(DATA FOR THIS EXERCISE Opens)

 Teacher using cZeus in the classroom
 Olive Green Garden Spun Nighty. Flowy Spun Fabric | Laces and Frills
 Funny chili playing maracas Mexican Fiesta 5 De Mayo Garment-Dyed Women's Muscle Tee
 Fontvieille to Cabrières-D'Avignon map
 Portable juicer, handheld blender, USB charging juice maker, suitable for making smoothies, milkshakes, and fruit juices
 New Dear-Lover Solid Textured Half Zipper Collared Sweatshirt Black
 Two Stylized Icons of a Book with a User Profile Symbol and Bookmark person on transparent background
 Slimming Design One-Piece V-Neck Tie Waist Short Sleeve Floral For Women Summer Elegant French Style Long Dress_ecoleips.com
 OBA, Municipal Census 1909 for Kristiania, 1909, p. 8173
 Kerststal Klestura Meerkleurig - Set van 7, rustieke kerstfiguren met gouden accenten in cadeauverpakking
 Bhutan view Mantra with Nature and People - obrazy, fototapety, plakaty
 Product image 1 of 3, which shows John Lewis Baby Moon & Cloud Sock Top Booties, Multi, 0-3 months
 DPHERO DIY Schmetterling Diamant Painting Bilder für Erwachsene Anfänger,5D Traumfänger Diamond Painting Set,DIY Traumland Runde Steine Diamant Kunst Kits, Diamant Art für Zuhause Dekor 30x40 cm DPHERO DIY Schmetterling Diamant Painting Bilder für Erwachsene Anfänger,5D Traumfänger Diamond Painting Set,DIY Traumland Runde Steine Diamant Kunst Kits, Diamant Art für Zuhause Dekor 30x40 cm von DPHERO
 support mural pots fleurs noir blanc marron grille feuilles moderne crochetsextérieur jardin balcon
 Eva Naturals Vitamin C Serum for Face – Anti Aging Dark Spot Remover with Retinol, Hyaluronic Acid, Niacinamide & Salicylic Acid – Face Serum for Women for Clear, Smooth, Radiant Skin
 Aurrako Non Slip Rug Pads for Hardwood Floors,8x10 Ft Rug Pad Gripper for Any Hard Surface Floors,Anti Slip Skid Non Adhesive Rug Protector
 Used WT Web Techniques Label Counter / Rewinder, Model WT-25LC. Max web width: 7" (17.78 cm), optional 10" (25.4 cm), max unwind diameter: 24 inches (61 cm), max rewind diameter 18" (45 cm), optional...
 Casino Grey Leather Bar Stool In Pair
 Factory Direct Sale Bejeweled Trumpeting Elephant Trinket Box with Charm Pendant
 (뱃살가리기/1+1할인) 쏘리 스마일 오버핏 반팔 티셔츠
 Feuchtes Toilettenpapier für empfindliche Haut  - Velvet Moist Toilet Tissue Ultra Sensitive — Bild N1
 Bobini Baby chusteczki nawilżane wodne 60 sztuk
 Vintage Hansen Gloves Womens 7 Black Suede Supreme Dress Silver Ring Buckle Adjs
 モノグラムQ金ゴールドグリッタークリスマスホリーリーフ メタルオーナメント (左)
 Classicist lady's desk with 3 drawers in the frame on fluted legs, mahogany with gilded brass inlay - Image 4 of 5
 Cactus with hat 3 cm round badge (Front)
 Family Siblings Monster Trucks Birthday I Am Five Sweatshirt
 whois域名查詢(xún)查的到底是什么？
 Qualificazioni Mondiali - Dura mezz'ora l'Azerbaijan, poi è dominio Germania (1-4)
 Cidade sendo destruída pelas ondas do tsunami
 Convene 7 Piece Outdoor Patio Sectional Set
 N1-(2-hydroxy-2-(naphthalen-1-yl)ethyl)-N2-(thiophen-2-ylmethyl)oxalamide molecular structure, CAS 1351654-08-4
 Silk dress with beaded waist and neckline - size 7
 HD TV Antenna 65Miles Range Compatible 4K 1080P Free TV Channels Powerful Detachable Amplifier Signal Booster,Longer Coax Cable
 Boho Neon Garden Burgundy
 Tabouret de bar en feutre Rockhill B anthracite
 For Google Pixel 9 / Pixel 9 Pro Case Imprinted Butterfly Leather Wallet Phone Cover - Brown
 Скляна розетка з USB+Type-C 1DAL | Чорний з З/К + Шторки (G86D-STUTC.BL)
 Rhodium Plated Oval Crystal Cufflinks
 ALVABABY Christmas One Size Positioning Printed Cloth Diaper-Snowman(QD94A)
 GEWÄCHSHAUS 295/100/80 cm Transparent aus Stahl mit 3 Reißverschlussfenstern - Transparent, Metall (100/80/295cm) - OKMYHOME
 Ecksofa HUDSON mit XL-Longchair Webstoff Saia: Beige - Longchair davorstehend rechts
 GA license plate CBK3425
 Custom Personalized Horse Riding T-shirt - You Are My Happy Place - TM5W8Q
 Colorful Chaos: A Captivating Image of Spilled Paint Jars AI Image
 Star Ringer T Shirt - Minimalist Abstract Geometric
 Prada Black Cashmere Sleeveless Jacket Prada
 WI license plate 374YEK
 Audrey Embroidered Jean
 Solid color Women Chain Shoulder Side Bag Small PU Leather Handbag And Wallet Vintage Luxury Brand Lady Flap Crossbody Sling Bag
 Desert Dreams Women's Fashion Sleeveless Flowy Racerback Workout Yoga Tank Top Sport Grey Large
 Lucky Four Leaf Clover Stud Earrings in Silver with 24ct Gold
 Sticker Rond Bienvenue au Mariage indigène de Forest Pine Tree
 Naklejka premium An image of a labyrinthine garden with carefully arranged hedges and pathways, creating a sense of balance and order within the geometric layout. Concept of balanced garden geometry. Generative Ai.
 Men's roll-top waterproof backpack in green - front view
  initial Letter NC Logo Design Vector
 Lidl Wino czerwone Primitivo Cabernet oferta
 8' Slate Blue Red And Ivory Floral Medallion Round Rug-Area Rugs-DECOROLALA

(DATA FOR THIS EXERCISE Closes)

* ACTION ITEM
Only one stretch of the entries above is wanted: the lines from the one containing "Portable juicer, handheld" through the one containing "Kerststal Klestura Meerkleurig". Please reproduce it exactly.

* YOUR RESPONSE
 Portable juicer, handheld blender, USB charging juice maker, suitable for making smoothies, milkshakes, and fruit juices
 New Dear-Lover Solid Textured Half Zipper Collared Sweatshirt Black
 Two Stylized Icons of a Book with a User Profile Symbol and Bookmark person on transparent background
 Slimming Design One-Piece V-Neck Tie Waist Short Sleeve Floral For Women Summer Elegant French Style Long Dress_ecoleips.com
 OBA, Municipal Census 1909 for Kristiania, 1909, p. 8173
 Kerststal Klestura Meerkleurig - Set van 7, rustieke kerstfiguren met gouden accenten in cadeauverpakking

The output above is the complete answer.